LIHU'E - Please don't call jb Codde's products golf "clubs."

They are instruments, occasionally requiring fine-tuning along with the users of those tools.

And also kindly refrain from calling him a "custom-club maker," though he used to be one. Now, he is a "club designer."

And his instruments built by him from scratch to help the itch of taller-than-average golfers are slowly but surely gaining popularity.

Former Pres. Bill Clinton has one of Codde's drivers. And a young collegian, one Eldrick Woods of Stanford University, was once fitted with some of the early-generation Tall Stix.

That young collegian is now known pretty much exclusively by his nickname, "Tiger," and his now internationally known swing speed was too much for the early Tall Stix.

Not anymore.

Codde Golf, with offices, showroom, indoor swing cage and manufacturing facility along Rice Street in the Lihue Town Plaza, is poised to mass-produce several different styles of golf clubs (uh, instruments), for folks five-foot-six and taller.

Tall Stix irons, and Litening drivers, are one to five inches longer than regulation clubs, and need to be "proportionately fitted" to the taller golfer, says Codde from experience.

Standing six feet, three-and-a-half inches tall, he used himself as the test driver, so to speak, for the first longer-than normal clubs he developed, several decades ago.

The result was a double hernia and back problems, from using standard-sized clubs that he lengthened himself. They were too heavy.

"It was like swinging a sledgehammer at a circus," he said.

So, it was back to the drawing board, literally and figuratively, as he used his engineering, physics, geometry and life backgrounds to design new golf instruments from scratch, using steel, graphite and titanium shafts, and also designing from the ground up the rest of the instrument - heads and grips.

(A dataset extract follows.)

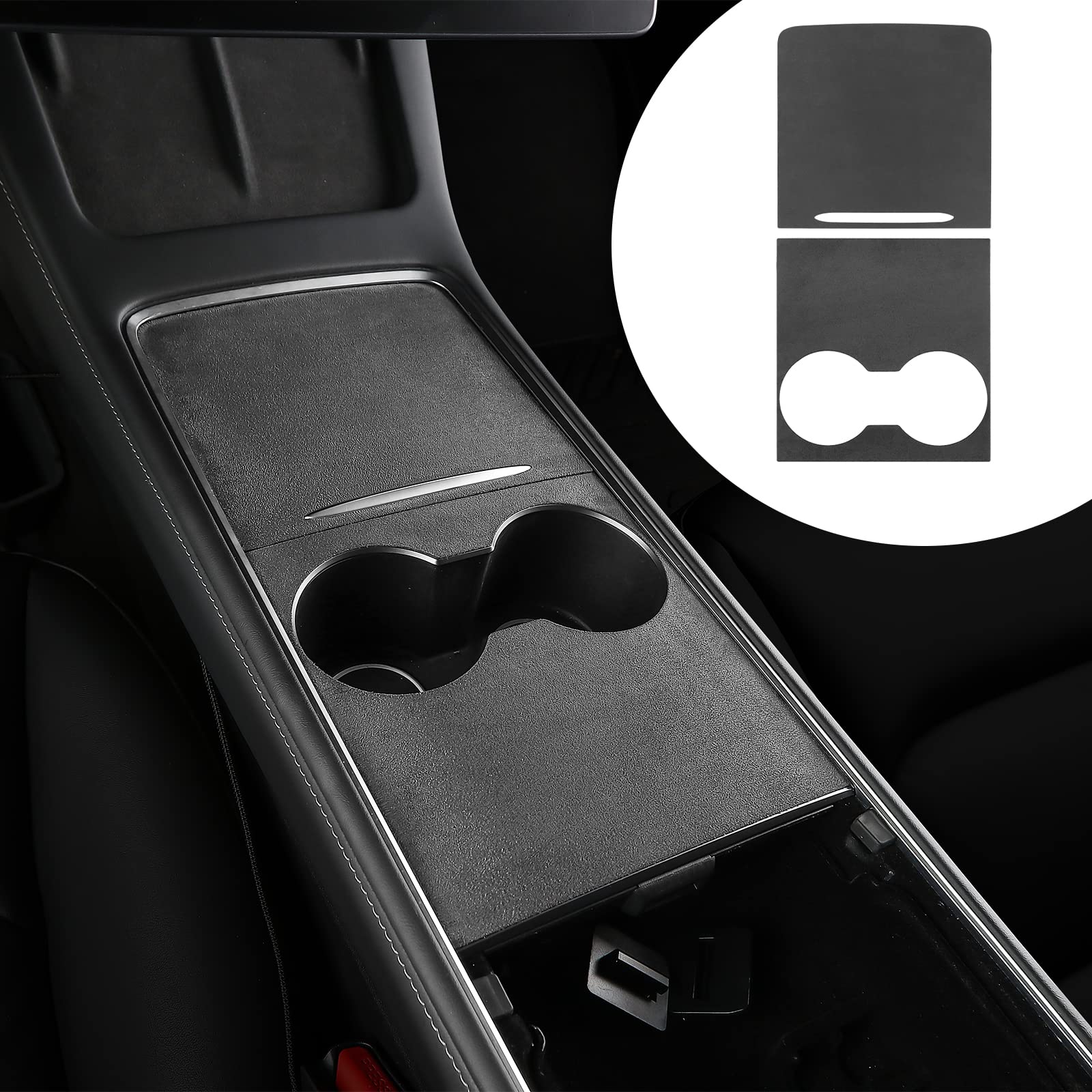 پوشش مركزی مركزی Tesla Model Y Model 3 Wrap Kit Flocked Accessories 2021 2022 2023 (نخره)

The Litening drivers now weigh less than one pound. In addition to sand wedges, Codde has also developed a line of putters as well. Shaka Stix, for those just a bit taller than normal, are coming soon, too.

While doing research, he found out that the U.S. Golf Association standard for club size is based on an average-sized golfer in 1916, and is still in existence today, even though the average-sized golfer is much taller.

By his own exacting calculations, for every inch a person is above 5'8" tall, he or she should have clubs at least a half-inch longer than normal.

He has also engineered and manufactured instruments with what he calls "center-faced balance," making it easier to consistently hit the "sweet spot" on the club for maximum distance and accuracy.

Clubs need to be matched with each individual golfer to prevent injury or re-injury as a result of the pressure on and unnatural movement of the lower back region that comes from swinging ill-fitting clubs, Codde says.

His experience is backed by laboratory research done for free by a doctor who purchased a set of Tall Stix.

When Tall Stix were first introduced in 1994, Codde sold 200 sets in two months. When he went back to his native Michigan in January this year for a golf show, 35 people ordered sets.

All the clubs are guaranteed, with a 30-day, money-back guarantee, and one-year warranty. Over the years, only one person has brought a set back for refund.

If Codde can get his clubs into tall golfers' hands, in nearly 98 percent of the cases they become buyers and users of his products, he said. With that comes satisfied customers who see their scores come tumbling down and their time in the fairways up.

The clubs were offered at Kauai Lagoons Golf Course, replaced later by brand-name sticks. By popular demand, though, Tall Stix will soon be available in the pro shop there again, he said.

He does fittings of golfers to instruments each Tuesday and Friday at Kauai Lagoons from 1 p.m. to 4 p.m., and other days and times by appointment.

Codde's goal also is to get at least one set of Tall Stix to each golf course for rental-club programs, and through a foundry in China to produce 300 sets a day once some fine-tuning occurs.

The cost is $695 and up for irons, and around $200 for woods.

Back when he first started designing clubs, Codde, now 67 and figuring he has around 30 years of golfing left in him, fantasized about qualifying for the Senior PGA Tour.

With that goal in mind, he designed and built his first lengthened clubs. The result was the injuries described earlier.

He has given up on the Senior PGA Tour dream, and now he's on a mission to educate tall golfers about the need for taller clubs for taller golfers.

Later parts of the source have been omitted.